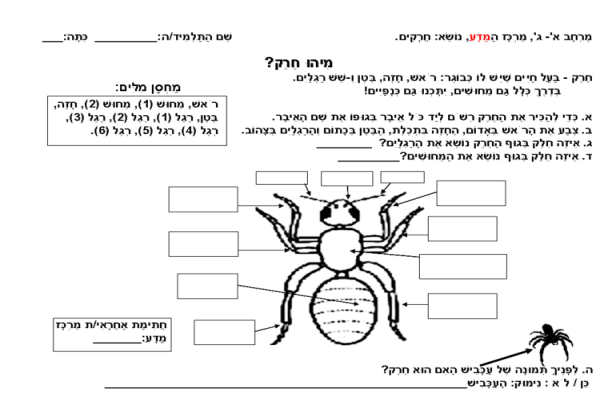 למרכז המדע: דף עבודה על מבנה גוף החרק.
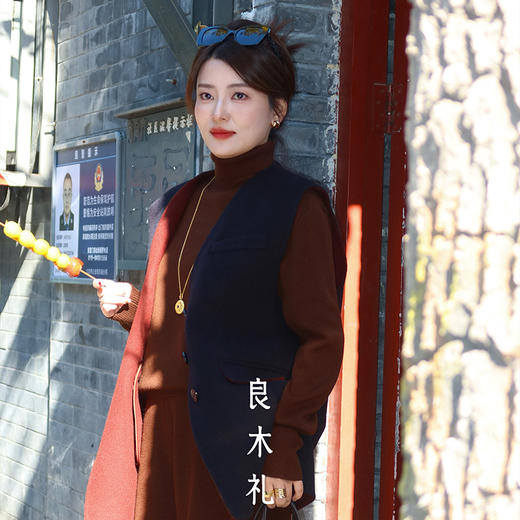 【特价不退换】良木礼羊毛马甲（D25102810） 商品图0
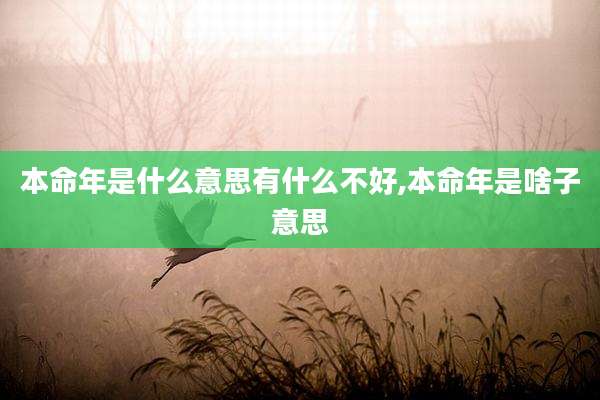 本命年是什么意思有什么不好,本命年是啥子意思
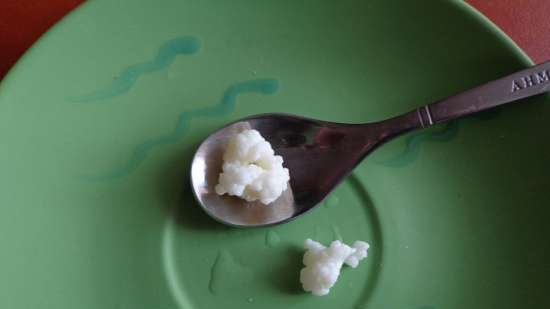 Tibetansk kefir sopp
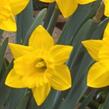 Narcis - Narcissus obvallaris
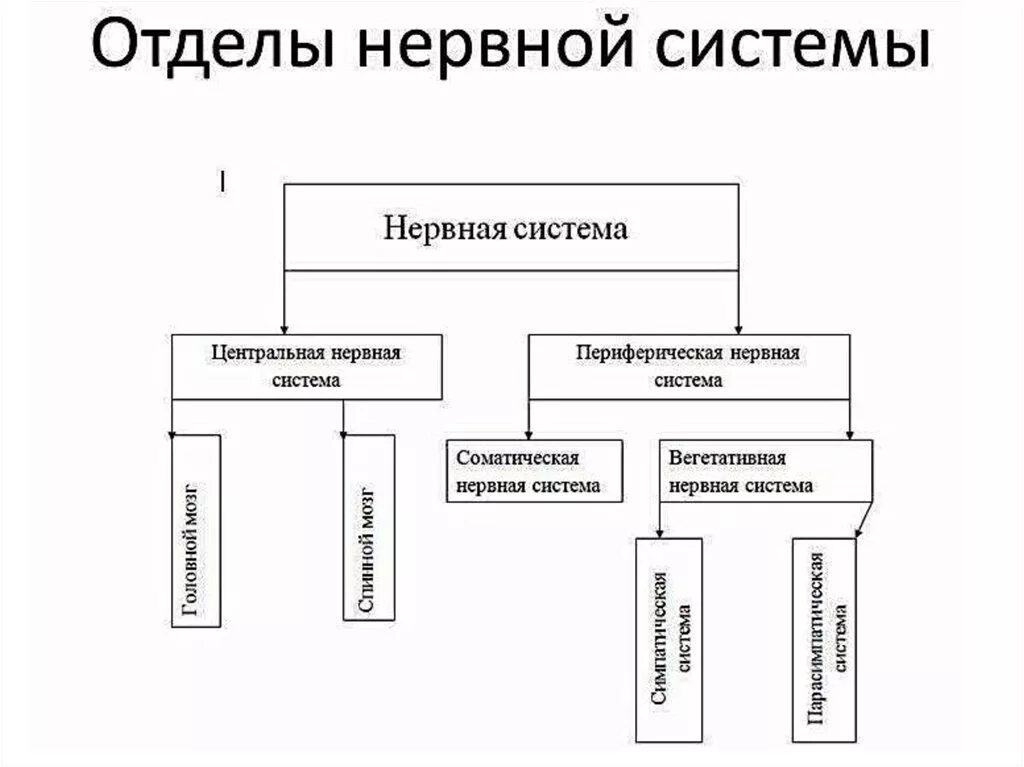 Отделытнервной системы. Отделые нервной системы. Отделы нервной системы человека. Отделы нервной системы человека и их функции.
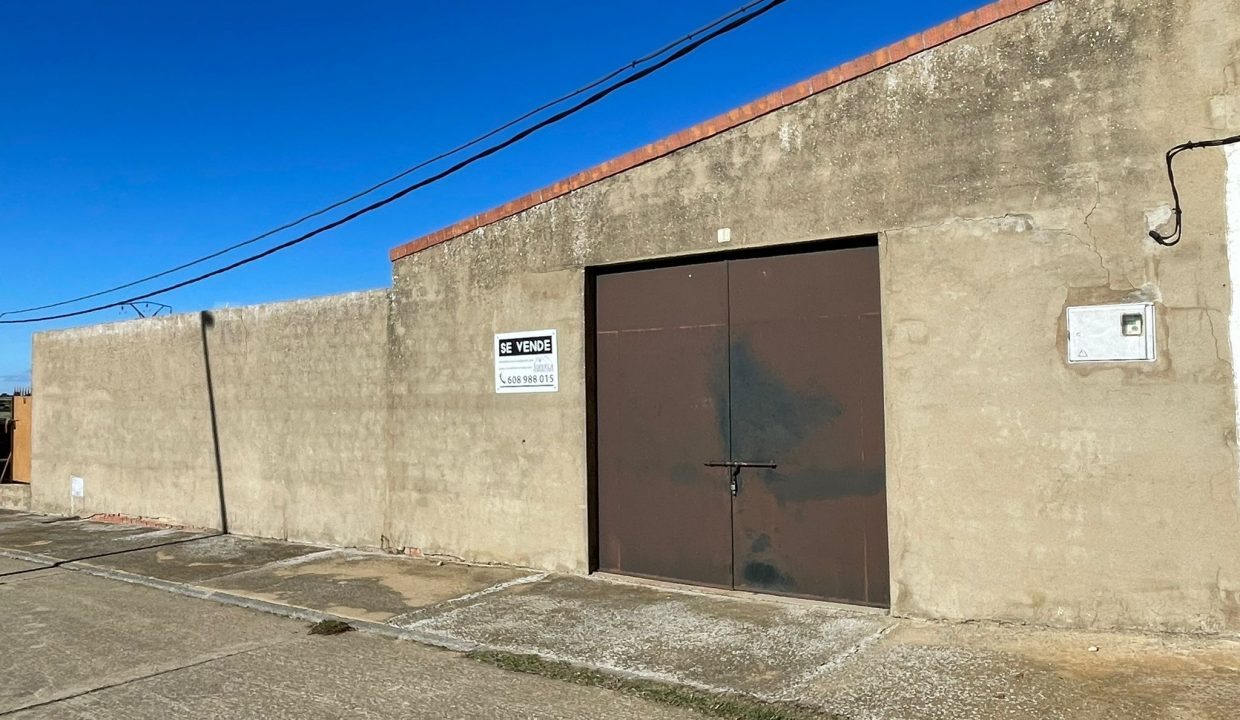 WhatsApp Image 2025-12-03 at 13.17.27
========
=== Instructions to follow ===
Print exactly the first line of the entries and every line after it through the one that contains "Отделытнервной системы. Отделые", leaving the pictures out.

=== Your solution ===
 למרכז המדע: דף עבודה על מבנה גוף החרק.
 【特价不退换】良木礼羊毛马甲（D25102810） 商品图0
 本命年是什么意思有什么不好,本命年是啥子意思
 Tibetansk kefir sopp
 Narcis - Narcissus obvallaris
 Отделытнервной системы. Отделые нервной системы. Отделы нервной системы человека. Отделы нервной системы человека и их функции.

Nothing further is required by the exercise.